Provided records -
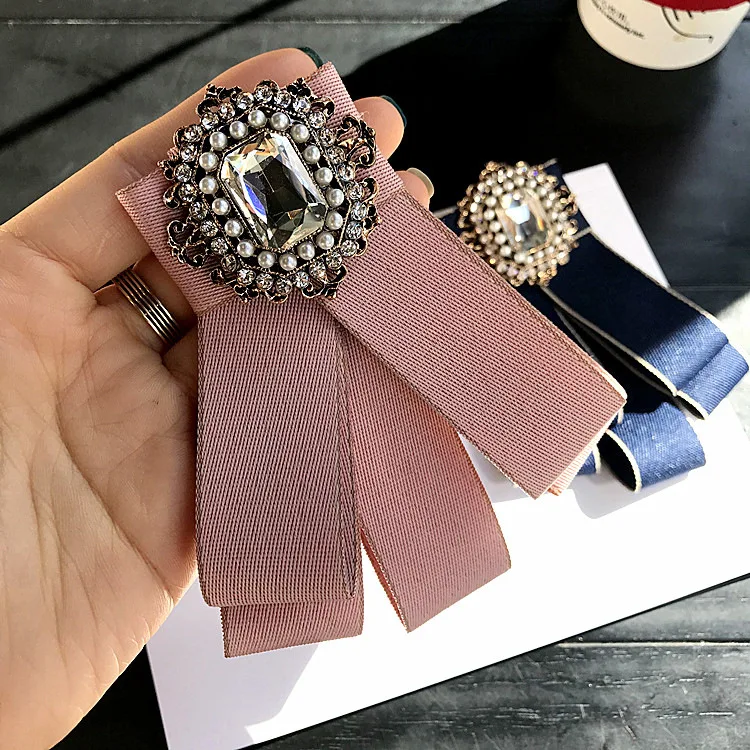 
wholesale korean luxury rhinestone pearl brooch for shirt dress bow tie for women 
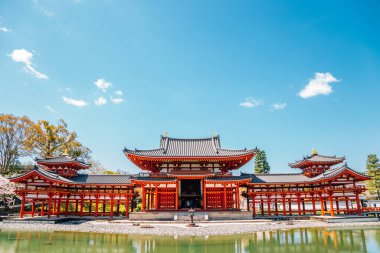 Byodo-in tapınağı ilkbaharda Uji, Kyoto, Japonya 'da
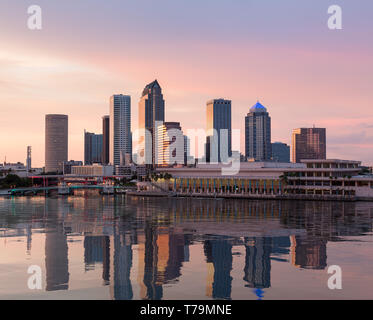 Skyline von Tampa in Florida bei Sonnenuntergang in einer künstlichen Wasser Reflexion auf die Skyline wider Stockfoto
==
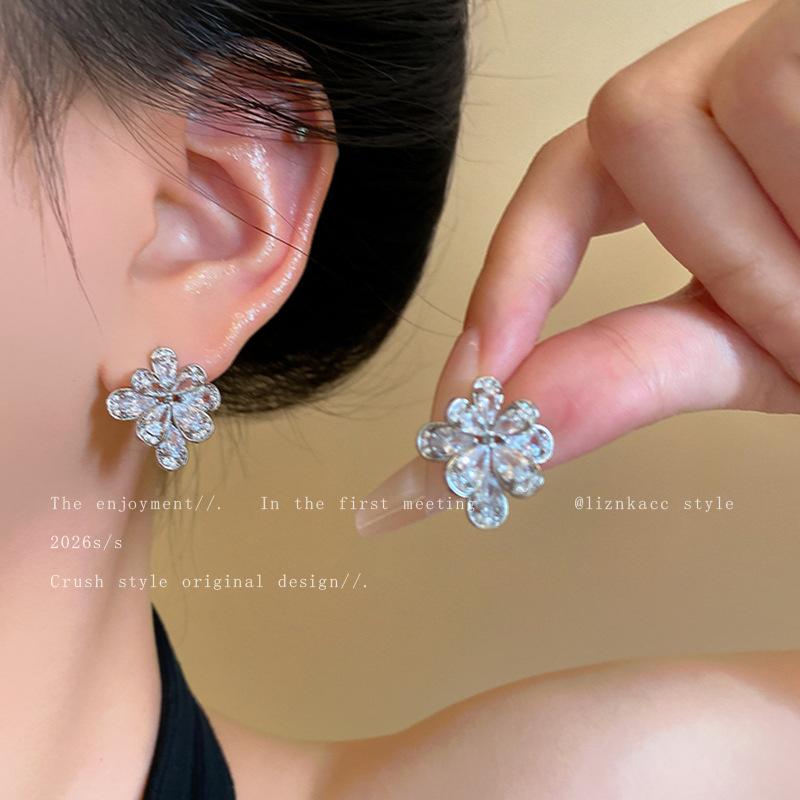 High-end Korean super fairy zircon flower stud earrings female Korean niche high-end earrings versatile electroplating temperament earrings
==
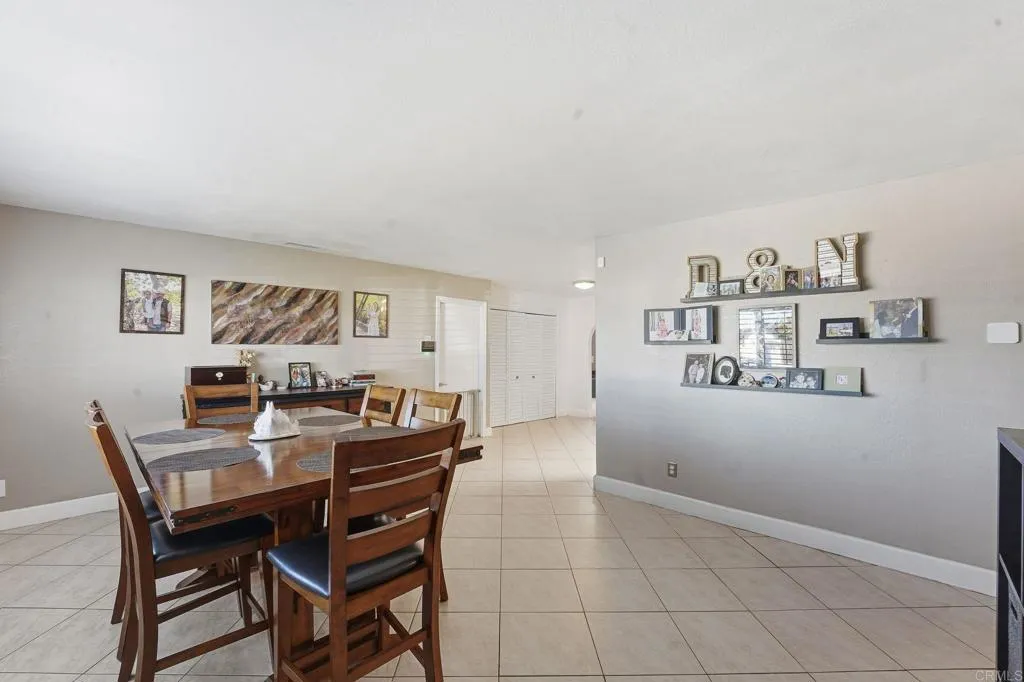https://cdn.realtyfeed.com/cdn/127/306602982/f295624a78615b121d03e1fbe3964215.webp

What is required -
Transcribe the listing above exactly, but only from the line with "wholesale korean luxury" through the line with "Skyline von Tampa". Include both of those lines and omit the pictures.

Written answer -
wholesale korean luxury rhinestone pearl brooch for shirt dress bow tie for women 
 Byodo-in tapınağı ilkbaharda Uji, Kyoto, Japonya 'da
 Skyline von Tampa in Florida bei Sonnenuntergang in einer künstlichen Wasser Reflexion auf die Skyline wider Stockfoto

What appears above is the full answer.